Lost and Found: The Easy Road pt 2

Hey, at least I warned you there'd be more!
Have you ever thought something like, "I know I'm supposed to be myself, but who am I?"  In my journey of trying to be authentic, I had to face this one head on.  There's a mythological character that works so hard to be someone he's not, he ends up forgetting who he started out being.  That's sort of how I felt.  I had worked for so long being who I thought everyone wanted me to be, I completely lost sight of Me.  
I started reading the gospels for the answer.  Seriously, if the Bible had a google page, you could type "How to find myself" and it would site Matthew, Mark, Luke, and John!  Who knew?  Anyway, here's one of the many examples I found, "Self-sacrifice is the way, my way, to finding yourself, your true self.  What kind of deal is it to get everything you want but lose yourself?" (Matthew 16, The Message)  So, yes, it's just that crazy--when you lose yourself to Christ, is when you actually find out who you are.  It's so hard because it requires a loss of control on our part.  Think of how many things we want in an effort to make ourselves feel better.  We're always left wanting more and our self-esteem continually being robbed, not to mention other areas in our lives.  
Give it up today--I know it's not so easy, but the first step never is!  Give up your life, your whole life, to Christ and finally live the enriched life your heart truly desires.  It's the most amazing thing I've ever done!

2 comments:

A breath of fresh air said...

Thanks for sharing your insights..... its good stuff! :o)

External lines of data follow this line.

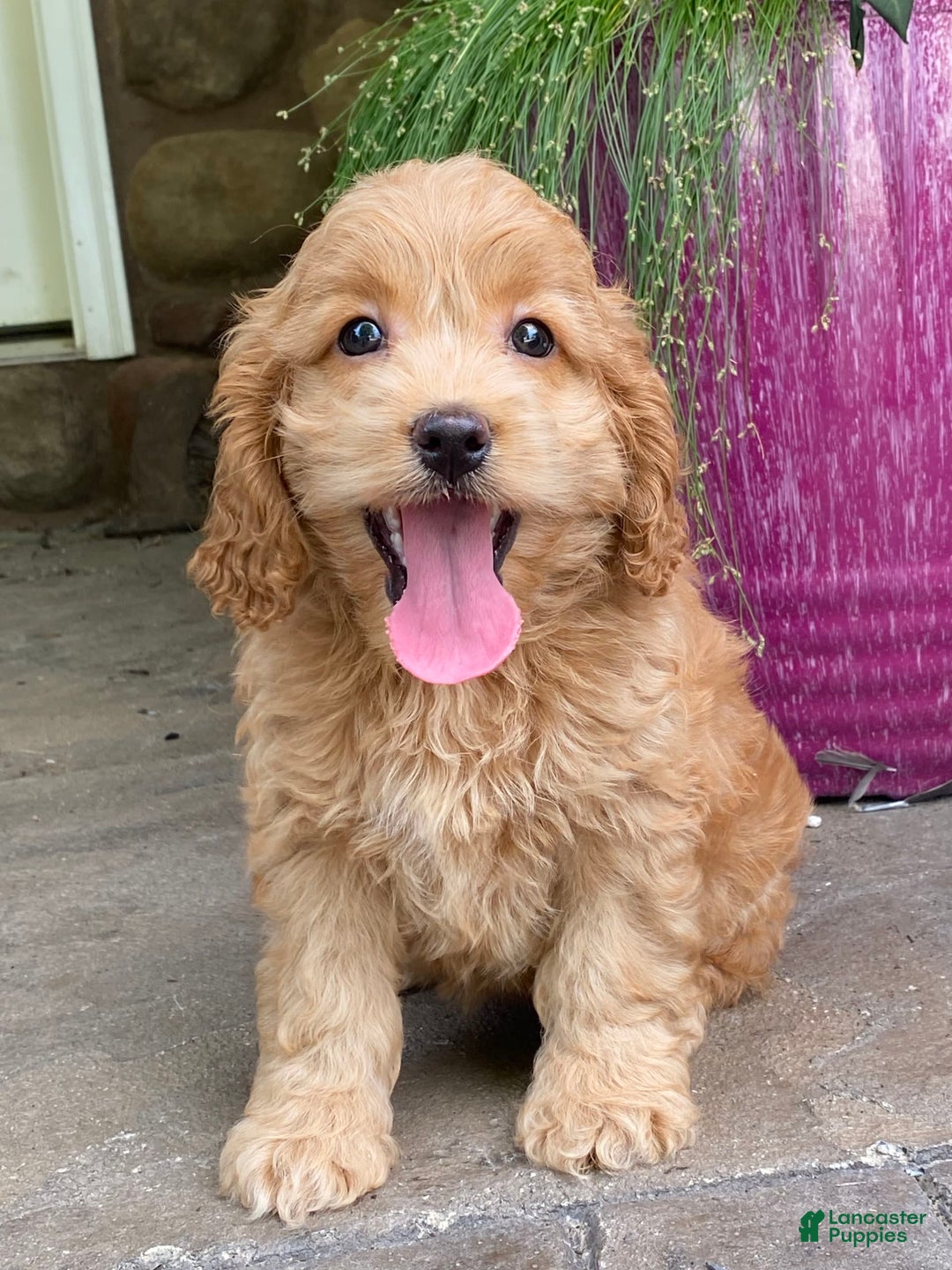Cockapoo dogs for sale: Nala - Image 4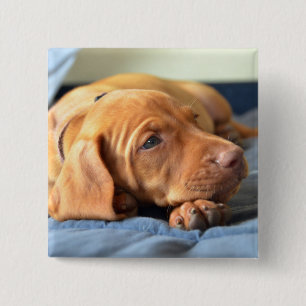 Vizsla Puppy Resting On Its Paw 15 Cm Square Badge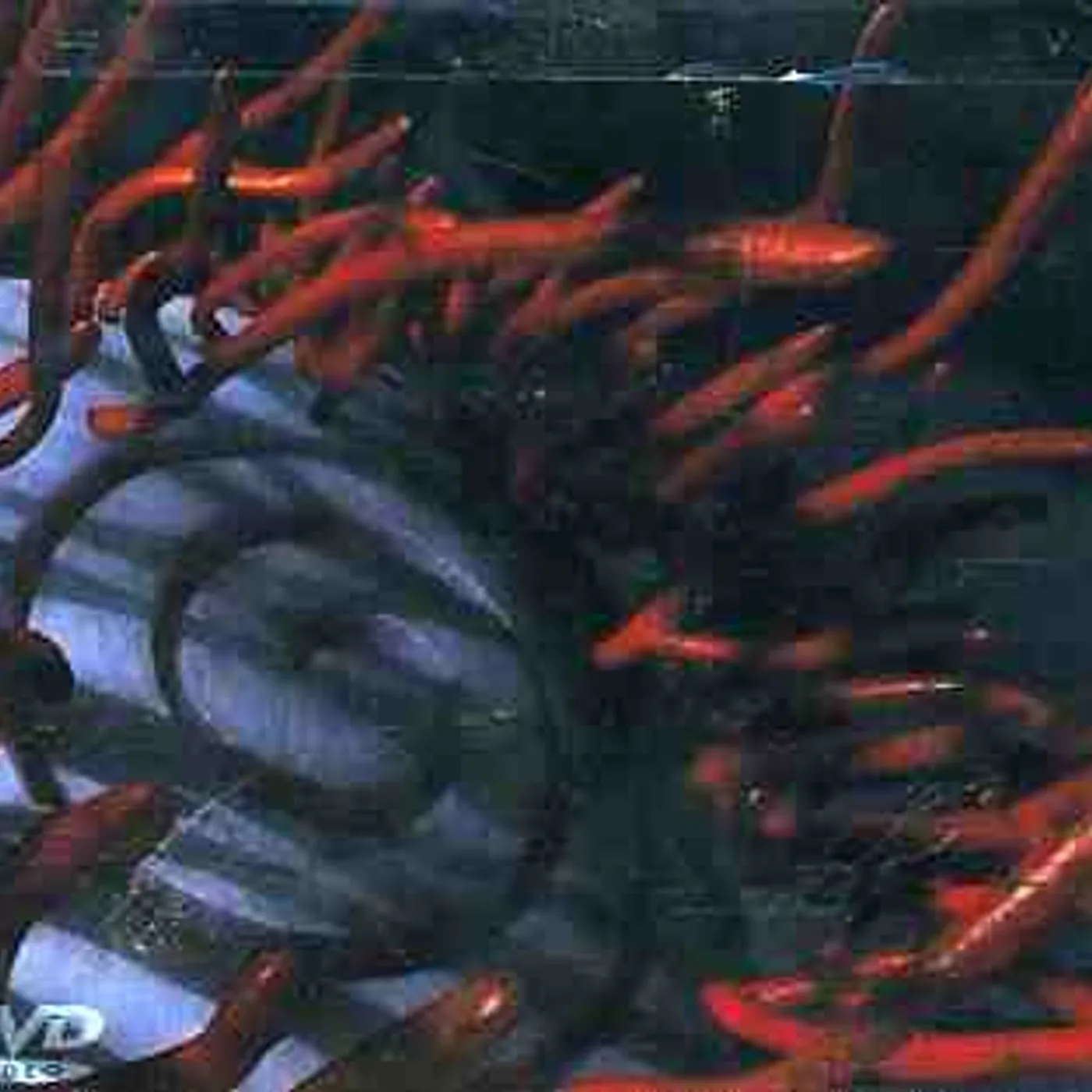 TOOL SCHISM DVD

I believe the quest for authenticity is a love/hate relationship for me at the present. But I am learning to enjoy the process.... I am definitely feeling stretched and although uncomfortable and painful, at times, it's where growth is born!
_Suzanne Jones

Cassie said...

Hey Amy, I just found your blog! I read through several of your posts & I really appreciate you sharing your thoughts on here.

Ever since our conversation yesterday I have felt so...liberated! haha. I don't know, something just clicked for me. Thank you so much for taking the time to talk to me, I feel like this burden I've been putting on myself is dissipating. Love you!